The only thing that could’ve happened is Syncthing restarting on either DS9 or enterprise-e, because I was also adding someone else to a separate shared folder.
Interestingly enough, my little experiment worked. Between enterprise and enterprise-e (both running 0.10.29), they seemed to figure out the temp files issue, and all three machines have started syncing. I then stopped Syncthing on enterprise, just to see if enterprise-e and ds9 would sync again, and they are. So something with the temporary files between the two stopped all syncing from happening with no logged messages for a while.
What I have noticed, though, in all instances, is the machine that has the files has low CPU usage (which goes up when it has to share with multiple machines). The machine(s) receiving the files have high CPU usage. Does that make sense?
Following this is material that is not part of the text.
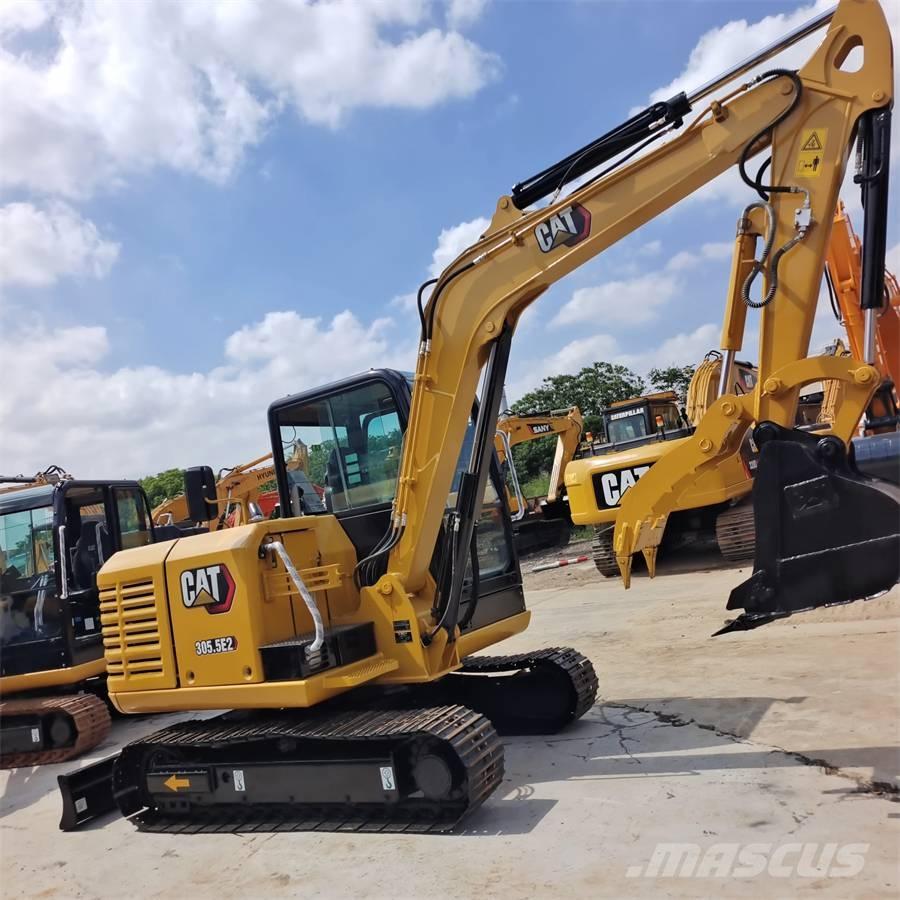 CAT 305.5 E 小型挖掘机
The machine receiving verifies blocks received (that they match the hash), the sending machine just reads files so no load at all.
Regarding 3 devices stopping to work, no clue, but if you have 100% reproducible steps, I guess we could fix it.
Okay, so basically, when you have lots of small files, comparing their cryptographic hashes takes as much processing power as it would for very big files. So what you see is very little bandwidth used and lots of processor on the receiving side.
Regarding the 3 devices, it was only two that stopped. When I added the third device, somehow those rename errors surfaced, Syncthing figured out what the problem was, and syncing began again among the original 2, as well as with the third. So I’m not sure if I have anything reproducible at this point.
All right; last night, the two original machines (enterprise-e and DS9) finished syncing. If I add enterprise to the cluster today, will it sync faster if all three machines are online, or if only the server (DS9) is online?
If all three devices are online, enterprise will get the data from enterprise-e and ds9 simultaneously.
Normally this would mean, that the transfer is faster. But as you stated yesterday, when transferring many small files, the receiving device gets high CPU. Because of that it can be, that you will not see a real difference, as the CPU of enterprise will be the limiting factor.
Oddly enough, when I tested the transfer speed with a single big file, the sending device had full CPU load, while the receiving only had reasonable load.
Well, because of the different capabilities of the machines, (DS9 is old and slow), enterprise does seem to be syncing faster, and is only at 50% CPU, while poor DS9 is pinned at 100% again.